How to Calculate the Debt-to-GDP Ratio
To figure the debt-to-GDP ratio, you've got to know two things: the country's debt level and the country's economic output. This calculation seems pretty straightforward until you find out that debt is measured in two ways. Most analysts look at total debt. Some, like the CIA World Factbook, only look at public debt.
That can be a little misleading. In the United States, all debt is essentially owned by the public. Here's why. The U.S. Department of the Treasury has two categories. Debt held by the public consists of U.S. Treasury notes or U.S. savings bonds owned by individual investors, companies, and foreign governments. Public debt is also owned by pension funds, mutual funds, and local governments.
The other category is Intragovernmental Holdings. This category is not reported by the CIA World Factbook because it's debt the federal government owes to itself, not to outside lenders. The CIA figures if the government doesn't repay itself, so what? It's just a method of accounting between two agencies.
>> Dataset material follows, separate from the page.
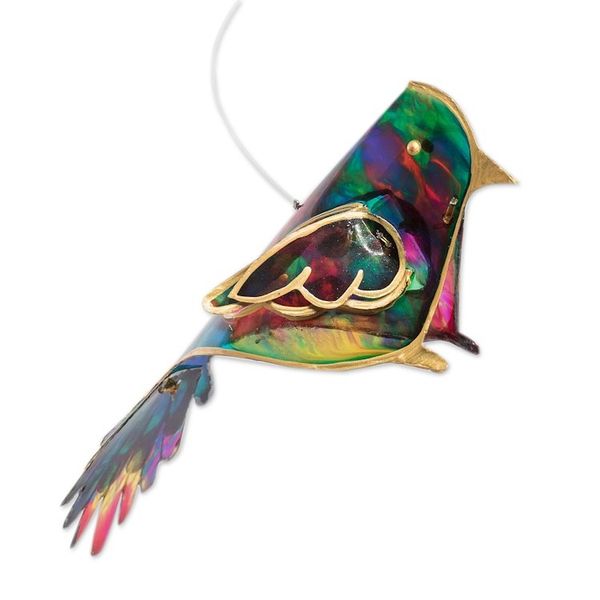 Alternate image for Leafy and Bird-Themed Handcrafted Recycled Plastic Mobile Leafy Imagination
But it does matter a lot. The money the federal government "owes itself" is really owed mostly to the Social Security Trust Fund and federal department retirement funds. Thanks to the Baby Boomer generation, these agencies have taken in more revenue from payroll taxes than they have to pay out in benefits right now. That means they have excess cash, which they use to buy Treasurys. The government spends this excess cash on all government programs.
When the boomers retire, Social Security will cash in its Treasury holdings to pay benefits. But the cash to pay this debt will have to come from somewhere. There are fewer working-age people than boomers. As a result, the dependency ratio is worsening. The Treasury will have to issue more debt, or Congress must raise taxes.
Therefore, you should always look at the total debt, not just the debt owed to the public. That's because all federal debt is eventually owed to the public. That's why Intra-governmental holdings should be counted in the U.S. debt-to-GDP ratio.